Listed entries below:

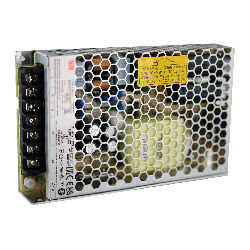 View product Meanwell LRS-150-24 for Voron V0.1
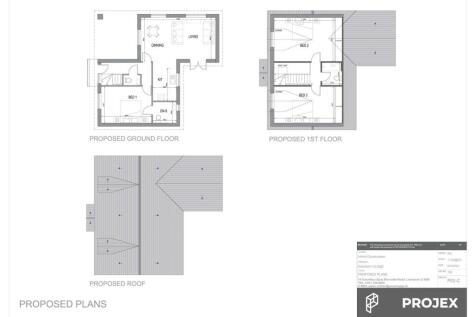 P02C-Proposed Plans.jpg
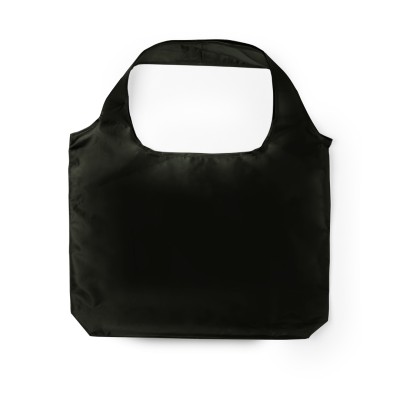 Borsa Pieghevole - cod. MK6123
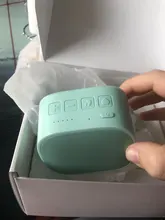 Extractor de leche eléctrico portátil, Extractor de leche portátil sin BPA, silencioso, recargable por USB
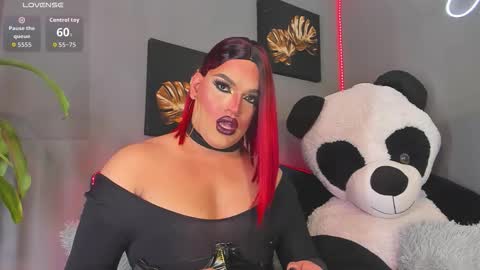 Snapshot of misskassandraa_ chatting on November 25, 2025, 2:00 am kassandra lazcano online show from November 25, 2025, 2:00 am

End of Listed entries.

Work task -> Skip the pictures and give the entries above again word for word.

Response to this task ->
 View product Meanwell LRS-150-24 for Voron V0.1
 P02C-Proposed Plans.jpg
 Borsa Pieghevole - cod. MK6123
 Extractor de leche eléctrico portátil, Extractor de leche portátil sin BPA, silencioso, recargable por USB
 Snapshot of misskassandraa_ chatting on November 25, 2025, 2:00 am kassandra lazcano online show from November 25, 2025, 2:00 am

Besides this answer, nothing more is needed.